The Danubian Hapsburg Monarchy, which served as a carapace for Western Christendom against the assaults of the ʿOsmanlis, and which, seen from the south-east, wore the deceptive appearance of being a full-blown Western universal state, set itself, like the Tokugawa Shogunate, to achieve domestic cultural uniformity, but lacked both the ruthlessness and the insularity which, between them, enabled the Japanese isolationists for a time to put their policy into effect. In pursuing its aim of being totally Catholic, the Hapsburg Power did succeed, more or less, in extirpating Protestantism within its frontiers; but the very success of its stand, and eventual counter-attack, against the Ottoman embodiment of an Orthodox Christian universal state broke up the Danubian Monarchy’s hardly attained Catholic homogeneity by transferring to Hapsburg from Ottoman rule a stiff-necked minority of Hungarian Protestants and a host of Orthodox Christians of divers nationalities, most of whom proved unwilling to accept the ecclesiastical supremacy of Rome, even when the yoke was proffered in the easy form of Uniatism [union with Rome and retention of local rites], while, among those who did accept this relatively light burden, the rank and file remained nearer in heart and mind to their dissident Orthodox ex-co-religionists than they ever came to be to their fellow Catholics who were of the Latin Rite.
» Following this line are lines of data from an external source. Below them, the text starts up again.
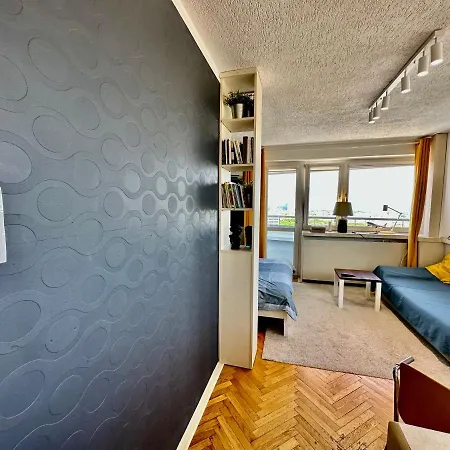 Sun Clima/ac Metro X2 Fast Wifi 500 Mbs 70'tv Netflix Appletv Hbo * Warszawa
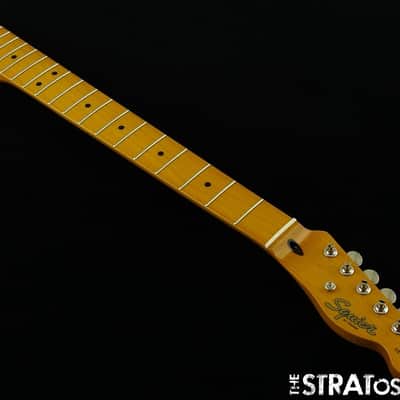 Fender Squier Classic Vibe 50s Telecaster, NECK w/ TUNERS, 1950s, Tele, Maple image 2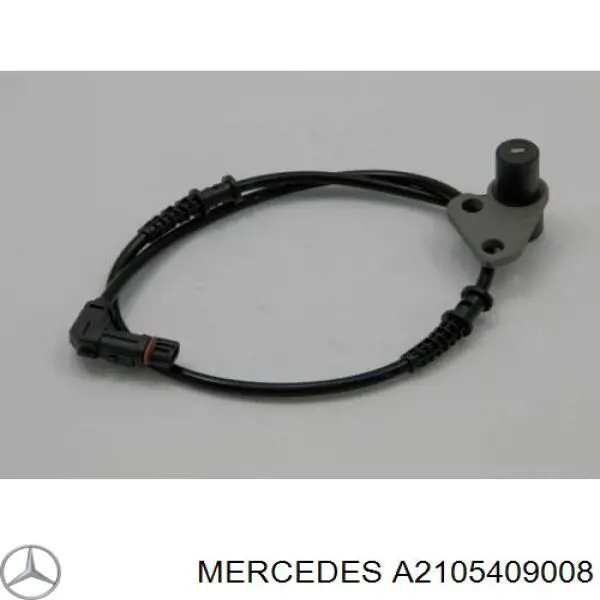 Comprar A2105409008 Mercedes Sensor ABS, rueda delantera izquierda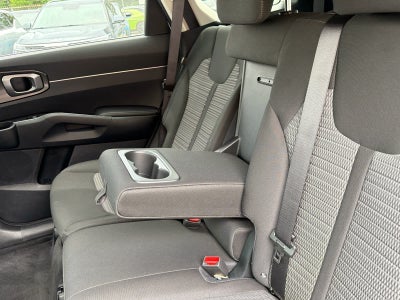 2025 Kia Sorento LX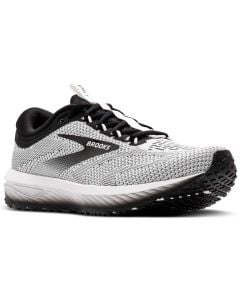 Brooks Women's Revel 7 White Black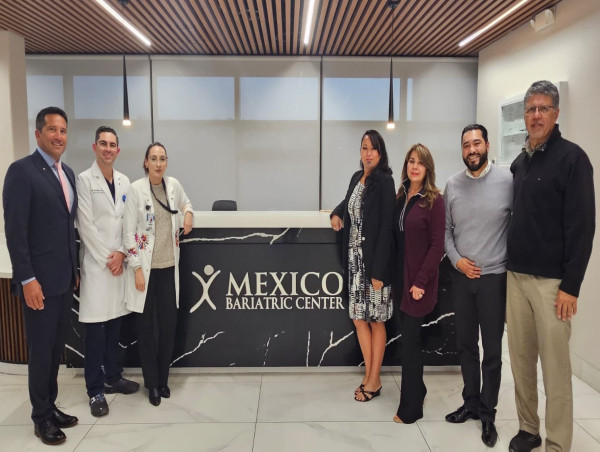  New Zealand Physicians Visit Mexico Bariatric Center® Facilities, Strengthening Global Obesity Treatment Collaboration 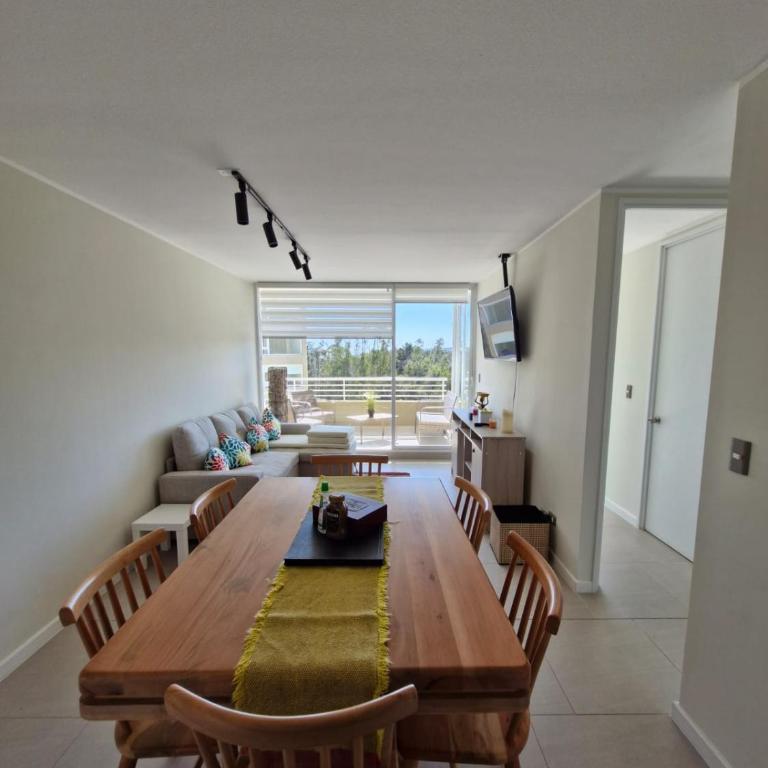 Departamento Laguna Mar, Las Cruces - Room #1666876701 - 8
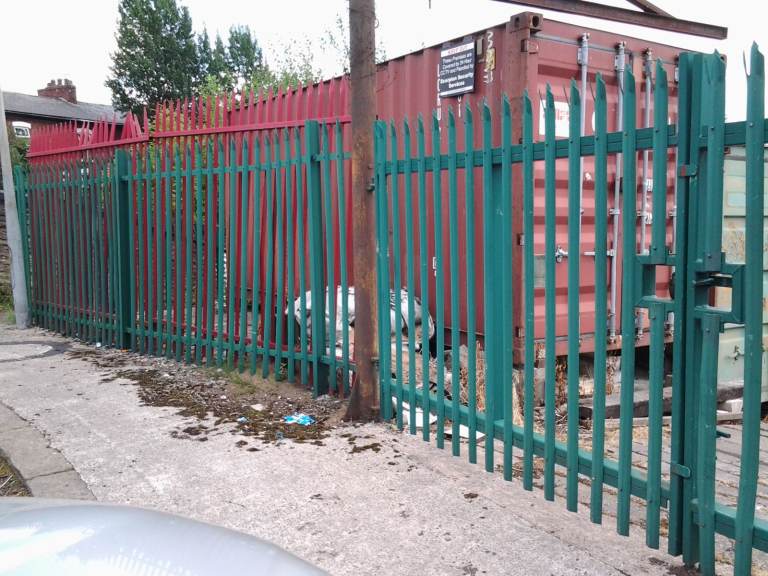 20ft self storage container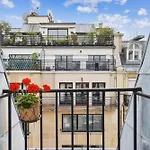 Studio Avec Balcon L\'Arc De Triomphe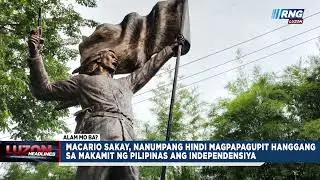 Macario Sakay, nanumpang di magpapagupit hanggang makamit ang kalayaan | Alam Mo Ba?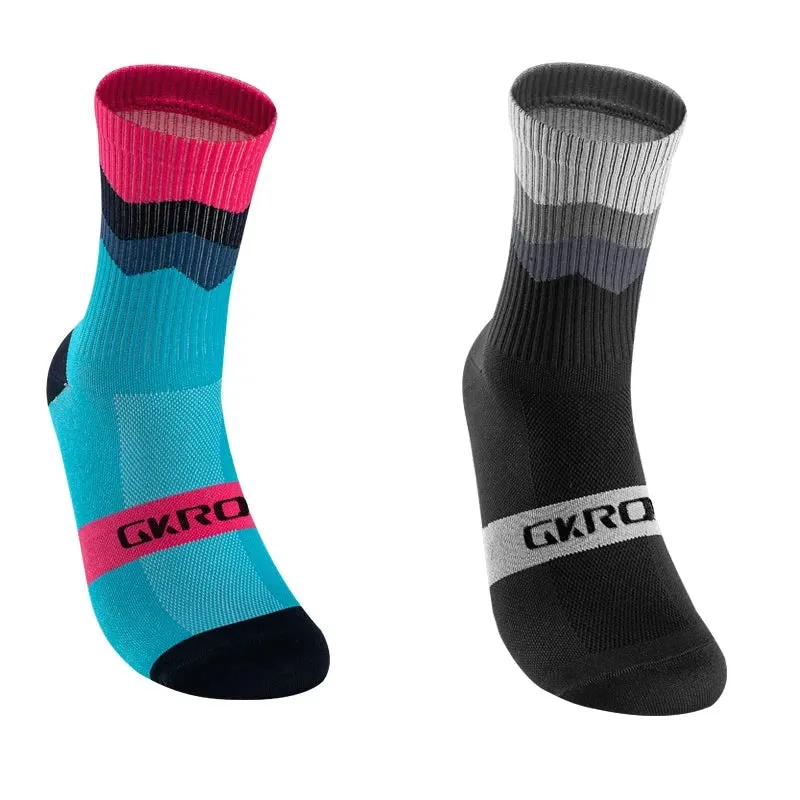Breathable Compression Cycling Socks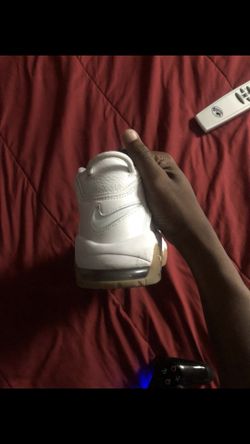 Nike Uptempo Size 9
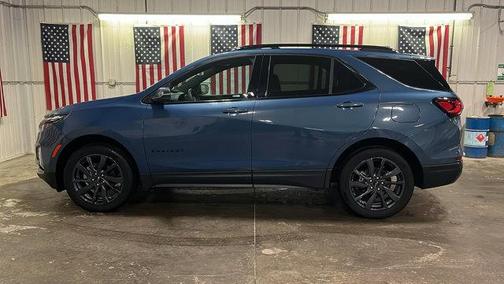 2024 Chevrolet Equinox AWD RS
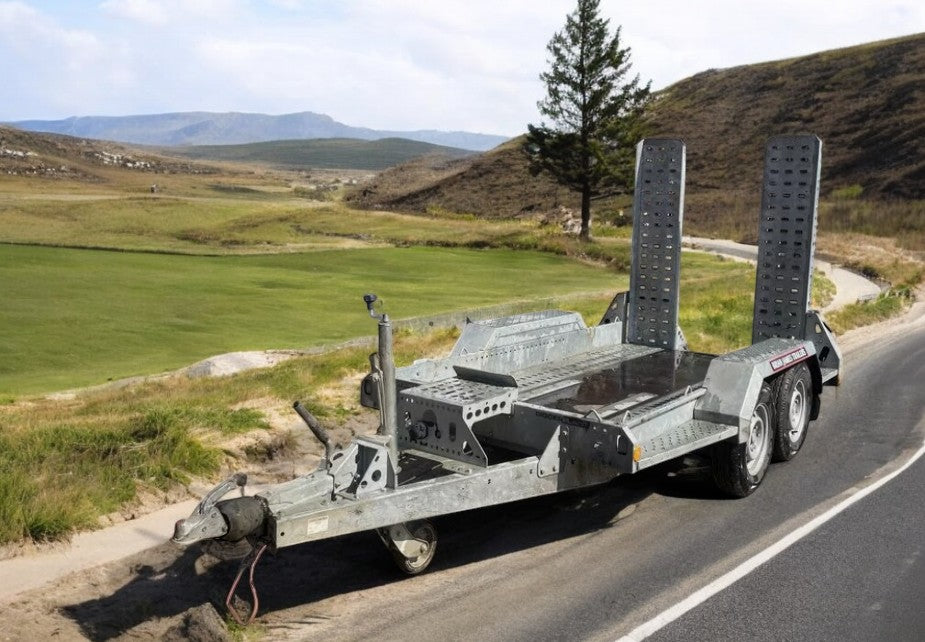 2024 BRIAN JAMES TRAILERS 543-0110 2.7T PLANT DIGGER TRAILER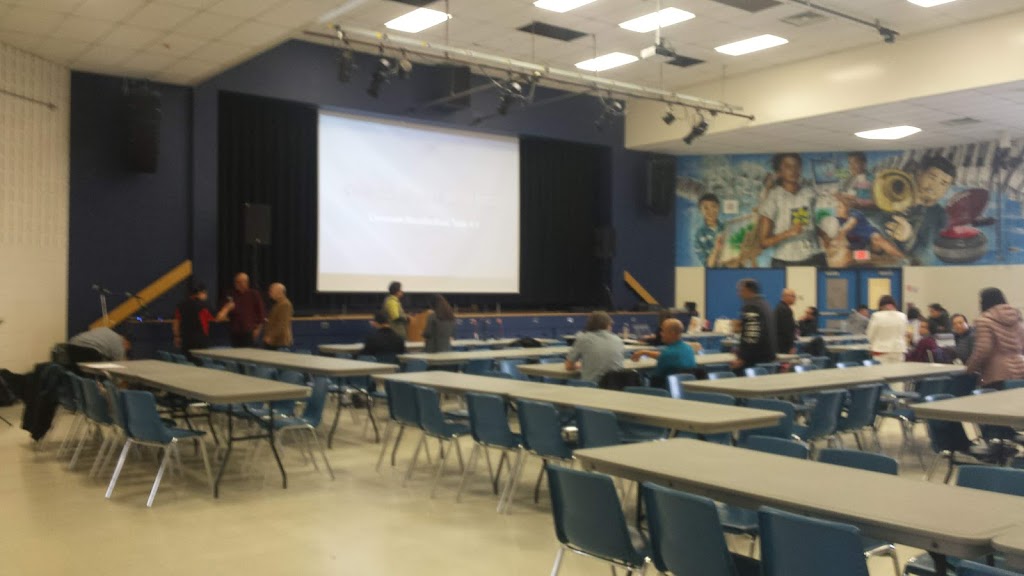 North Park Secondary School | 10 N Park Dr, Brampton, ON L6S 3M1, Canada | Phone: (905) 456-1906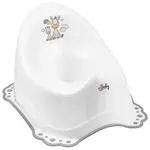 Maltex Nočník protiskluzový Zebra - White/Grey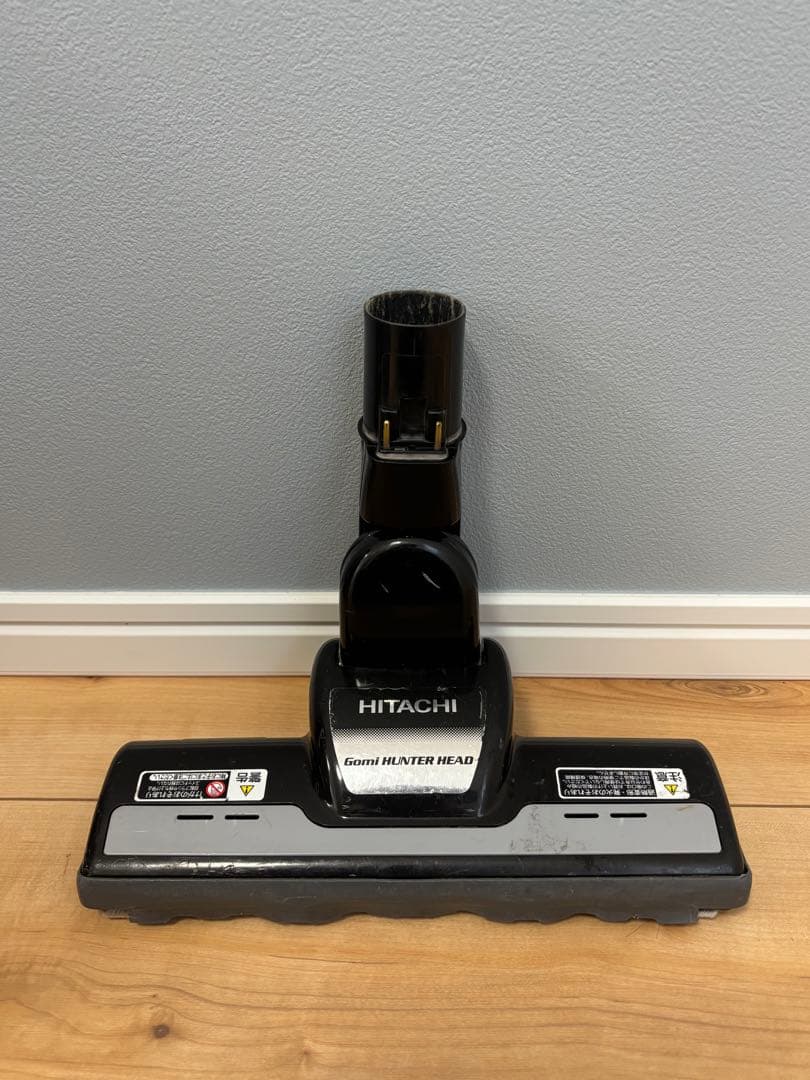 HITACHI 掃除機 紙パック式 パワフル cv-pd9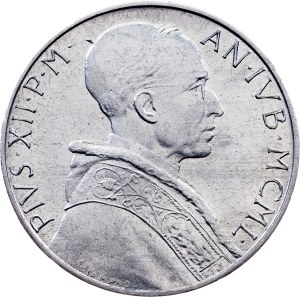 Vatican City, 2 Lire 1948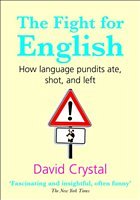 The Fight for English - Crystal, David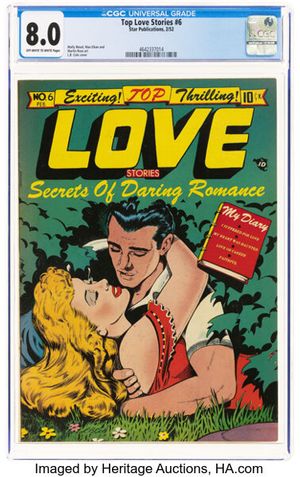 Top Love Stories #6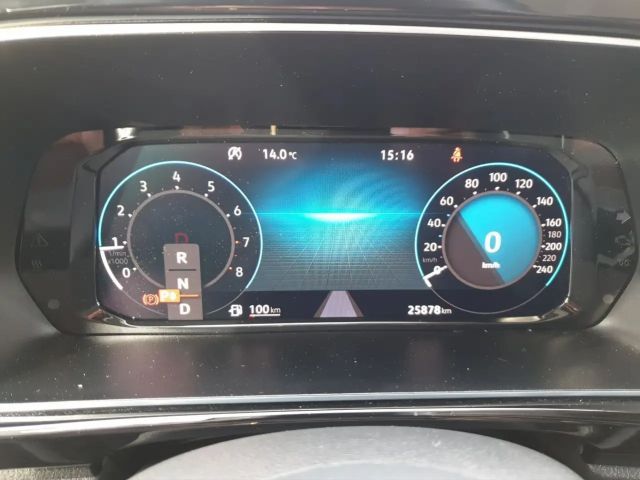 Volkswagen Caddy 1.5 TSI DSG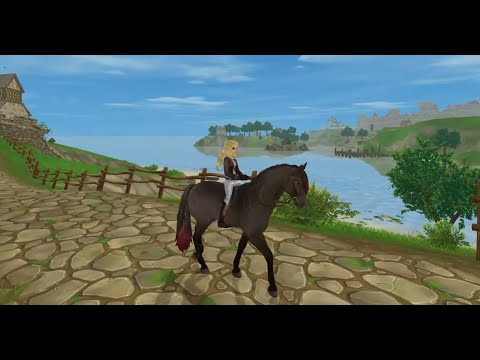 Star Stable [SSO] #45 Vorstellung: Umbra (Lunaphantom) [German/Deutsch]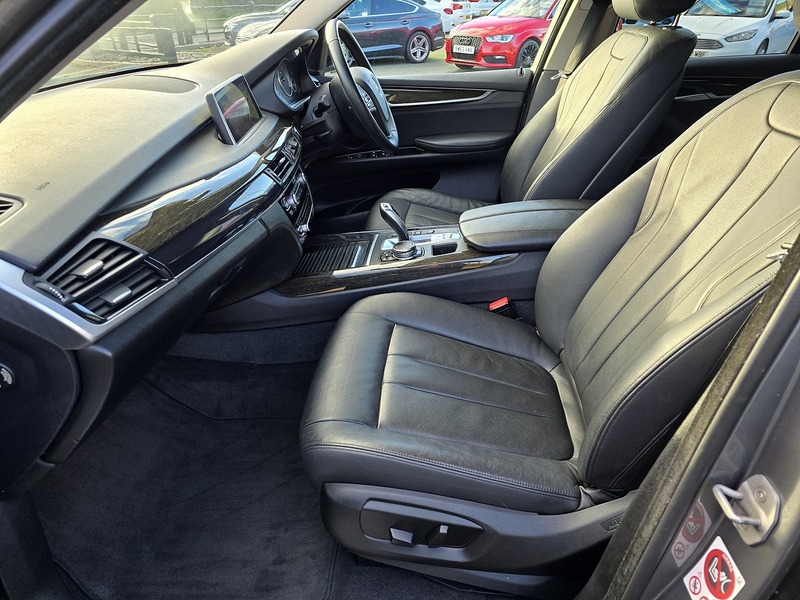 BMW X5 30d SE - U91438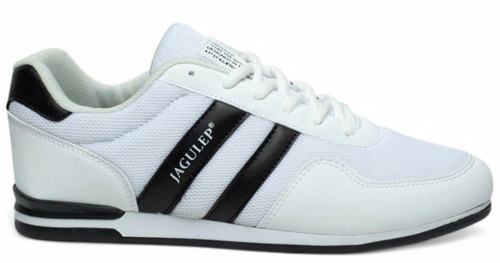 Jagulep 2202 Sneaker İnce Taban Erkek Spor Ayakkabı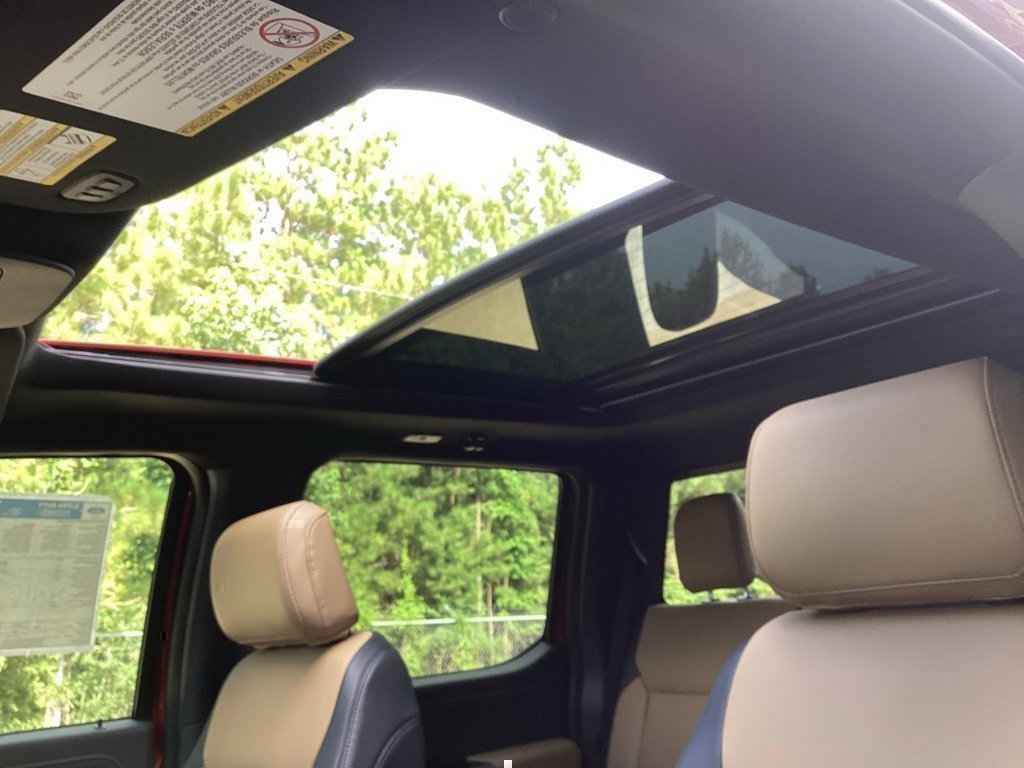 New 2025 Ford F250 Lariat w/ Black Appearance Package image 76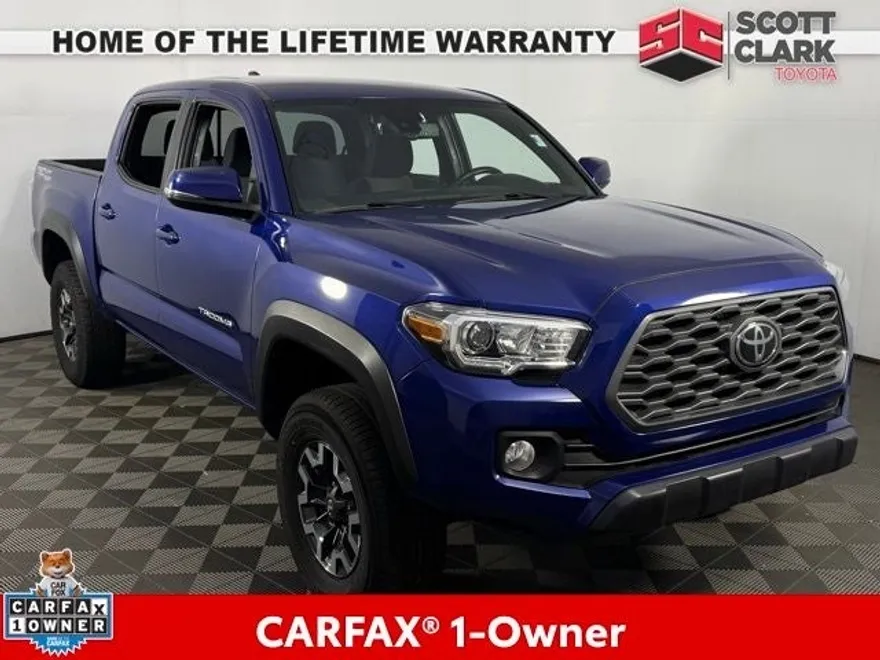 2023 Toyota Tacoma TRD Off-Road V6 photo 1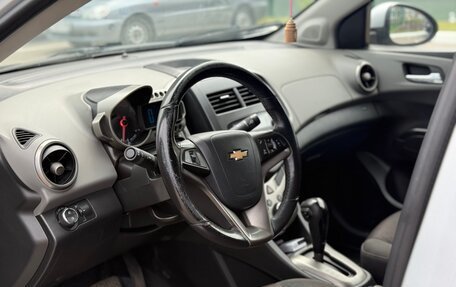 Chevrolet Aveo III, 2012 год, 580 000 рублей, 8 фотография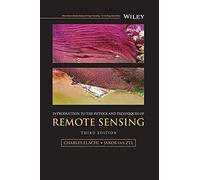 Physics and Techniques of Remote Sensing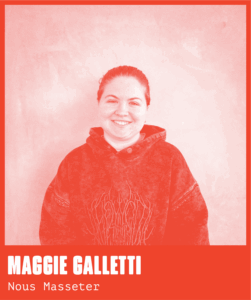 Maggie Galletti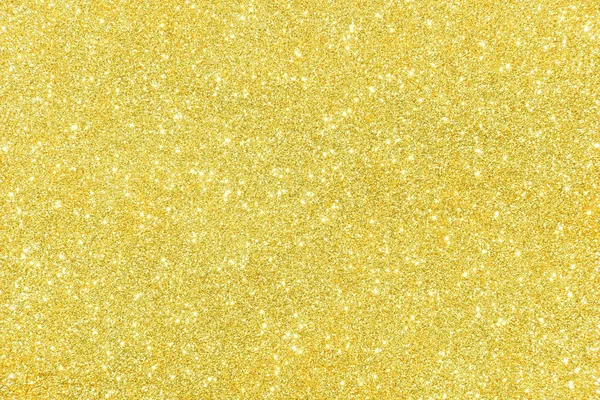 Gold glitter texture abstract background — Stock Photo, Image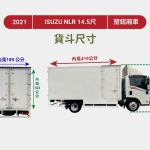 LINE_ALBUM_2021年ISUZU NLR超長軸14.5呎_260121_2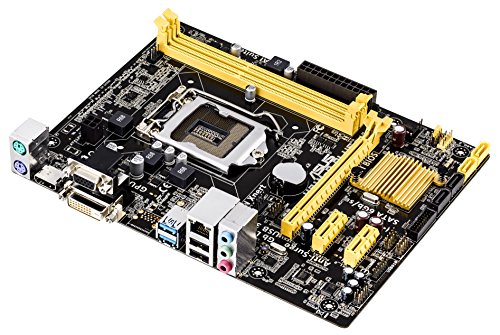 ASUS H81M-P Plus - Placa Base  Intel H81  DDR3 1600 1333 1066 MHz  SATA  USB 3 0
The [post-Assyrian] Neo-Babylonian Empire [or Chaldean Empire], which was the Babylonic universal state, similarly forfeited its cultural purity – and thereby worked unwittingly for the eventual extinction of the Babylonic Civilization itself – when Nebuchadnezzar conquered and annexed the homeland of the Syriac Civilization west of the Euphrates; and the impress of the indigenous Babylonic culture became progressively fainter as the domain which Nebuchadnezzar had bequeathed to a short line of native successors was incorporated first into the barbaro-Syriac Empire of the Achaemenids and then into the Hellenic Empire of the Seleucids.
Our survey has shown that, in the cultural composition of universal states, a high degree of diversity is the rule; and, in the light of this fact, it is evident that one effect of the “conductivity” of universal states is to carry farther, by less violent and less brutal means, that process of cultural pammixia that is started, in the antecedent Times of Troubles, by the atrocities that these bring in their train. The refugees, exiles, deportees, transported slaves, and other déracinés of the more cruel preceding age are followed up, under the milder régime of a universal state, by merchants, by professional soldiers, and by philosophic and religious missionaries and pilgrims who make their transit with less tribulation in a more genial social climate.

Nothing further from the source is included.